You’ve come to the right place to find the best wealth building property investments secrets in the world. The best ways to grow money and find your avenue to building wealth are not necessarily one and the same. That is because wealth isn’t money and money isn’t true wealth.
We can have all the money in the world and be impoverished in mind, body, and spirit. On the other hand, we can be penniless and wealthy in all other areas of our life.
One of my greatest desires is to see millions of people find the best wealth building property investment in the world so they can flourish in ALL areas of life. My company’s vision is to provide encouragement to millions by ensuring that every investment interaction further enriches every party involved and creates systems of harmony that promote prosperity where all beings flourish abundantly in all areas of life.
I am convinced that the best wealth building property investment we can make is investment in the inner-self. There is no more valuable wealth building property investment than investing in the development of me, myself, and I. Until we put effort into knowing, understanding, accepting, and appreciating ourselves we might find the best ways to grow money and even become monetarily the richest person on earth but still feel impoverished.

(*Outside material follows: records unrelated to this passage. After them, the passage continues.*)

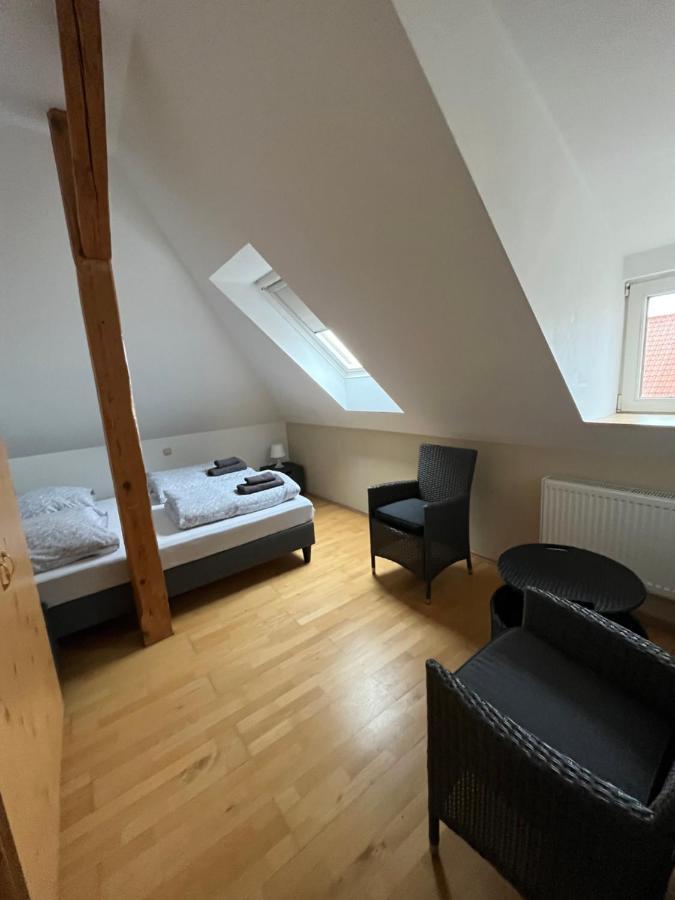 Doppelzimmer, Tv- Bad, Kuehlschrank- Parkplatz-17 Meine Kültér fotó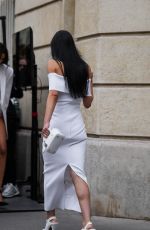 AMELIA HAMLIN Heading to Stella McCartney Fashion Show at Paris Fashion Week 09/30/2024
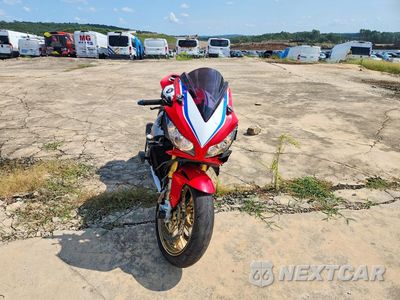 Drugie zdjęcie samochodu z przodu: 2014 HONDA CBR1000 S VIN:JH2SC5963EK300266 - miniatura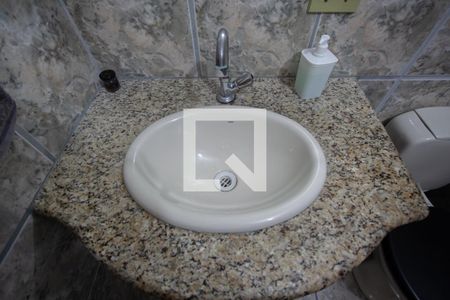 Casa à venda com 270m², 4 quartos e 4 vagas Casa à venda com 270m², 4 quartos e 4 vagasBanheiro Social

5 Areas of Flourishing to Build Wealth
For most of the history of the scientific study of psychology, the field has been focused on what is wrong with us as humans. This focus has benefited us in finding interventions that have helped those suffering from abnormalities to live better and more functional lives. What it hasn’t done is to help us better understand what it is that not only helps us overcome abnormalities but what is that helps us to thrive and flourish.
More recently, the field of what has become known as positive psychology has begun to seriously address this question. Research centers around the world are now studying this question and are finding evidence to support the assertion that we can use our minds to change our brains. As our brains change our bodies respond to the changes and behaviors change. As our behaviors change our minds change. The evidence is growing that mind and body are not separate but that our biology, environment, and psychology are all interconnected. The best wealth-building property investment we can ever make is the investment in our bio-psycho-social property. Property that all of us have within.
If we are to develop a life that flourishes we first have to define what that would look like. The research has discovered that there are five necessary components: positive emotions, engagement, relationships, meaning, and accomplishments. All of us already have each of these components to some degree or the other. Beyond that, all of us have the capacity for building wealth internally to go beyond the minimum in all five areas and to flourish abundantly. When I say flourish abundantly in all areas of life, these are the areas of life to which I am referring. Attending these five areas of life are the best ways to grow money and will put you on the path of a lifetime of building wealth.
Intrapersonal Strengths to Develop in the 5 Areas of Flourishing
For us to further enhance all five areas we need to develop the skills that will take us there. Developing these inner skills is like developing any skill. It takes attention, intention, and the desire to develop the skill. Developing these skills is your best wealth-building property investment.
As I chat with each of my successful guests on Creek Side Chats, I see in each of the aspects of these various skills. As we chat they just naturally reveal the skills and skillset they relied on most heavily for building their wealth. For the most part, they were probably not conscious of the fact that the best way for them to grow money was the utilization of their intrapersonal skills that had become innate. We can see through, as we look retrospectively, that they were masters at applying these inner skills.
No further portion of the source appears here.